I am bit late here but I hope this might still help someone.
The first question would be for me : why so much smallRNA ? or are you talking about totRNA ?
I have been using the small RNA kit for quite a while. Starting with 10µg of totRNA as input before the first gel selection (before lib prep), I never ended with a clean sharp band on the final gel. But cutting in the expected area quite always led to a library when controlling on a Bioanalyzer DNA hi-sens chip (even with quite faint bands).
By the way, I am not working with plants but with a parasite having not much of smallRNA.

I don't know exactly what you are trying to achieve here with your huge amount of RNA but globally, I never ended with really concentrated libraries using smallRNA kits compared to mRNA preps for example. As long as you have a bit more than 2nM of library, I would say you have plenty enough material to sequence without getting troubles with dilutions.

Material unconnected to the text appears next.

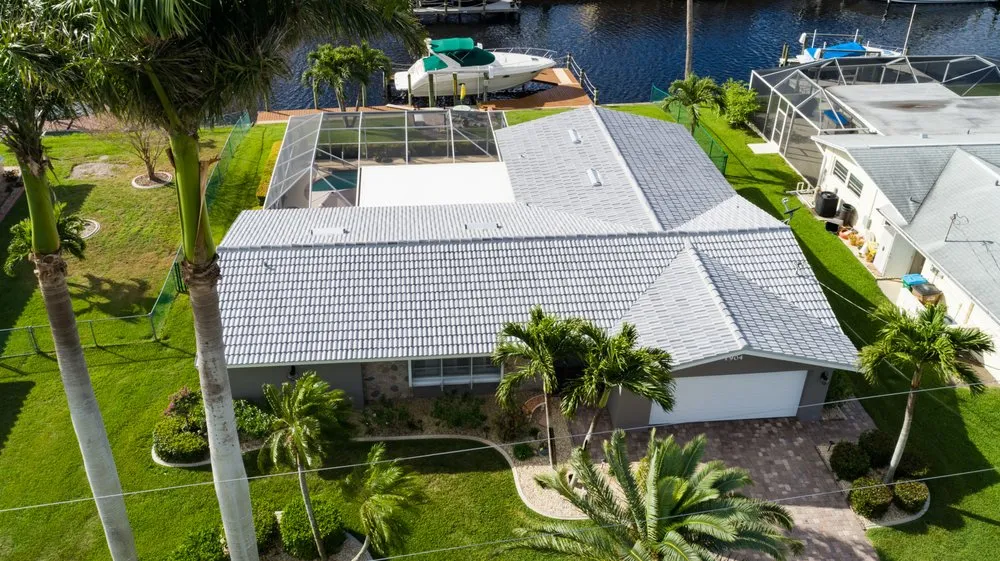 Slide of D.R. Martineau Roofing & Construction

I know it's late a reply. I hope it might be helpful to others.
For plants, the TRUseq kit seems to be much less efficient than with animal samples. I have used TRUSeq to prep library for both plant and animals, side by side. The difference is very sharp. I started with total RNA, since illumina claims TRUSeq is a gel free system that is compatible with total RNA.
With animal samples (mouse), I always get sharp library bands at around 150bp. With plant samples, there is only a smear in 147-160bp region.

We increase the cycle number to 18 for small RNA libraries.

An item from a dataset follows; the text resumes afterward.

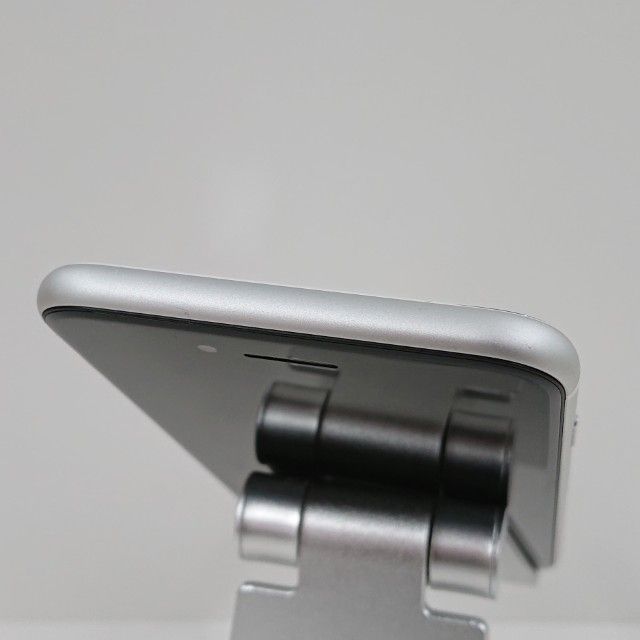 iPhoneSE ��2���� 64GB �ɥ��� �ۥ磻�� c16589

We use only smallRNA as input not total RNA, for plant as for animal. With total RNA as input output libraries too low.
Adapters attaching may be not so good.
And after gel cutting: faint - how much in nM? From 2nM - it's normal.

I am also interested in this. Have many people found that you get much better results using TruSeq kit with plant samples when you start with purified small RNA.

I see there were a few posts about a year ago on this. There was talk about comparing with the NEB small RNA kit. I am very interested to know which methods people are using for plant small RNA.

I think no difference which kit (Illumina or NEB) you use because Illumina get their reagents from NEB (I think so by some reason). We try both kits, on smallRNA of plant, human and fly.
Main difficultiy - how to get smallRNA. If you have smallRNA, then there no differences.

We work with plants and have used with success the TruSeq small RNA kit. We found that it works better with total RNA than the small RNA fractionated with the Ambion miRVANA kit. (Much greater % of microRNAs vs other junk, amongst other things.) For us, whether or not we see a sharp ~150bp peak/band depends on the tissue. We never see the 160bp band as plants supposedly do not have the piwi RNAs...

I got smallRNA with Qiagen Kit. Do you mean % of miRNA in final reads?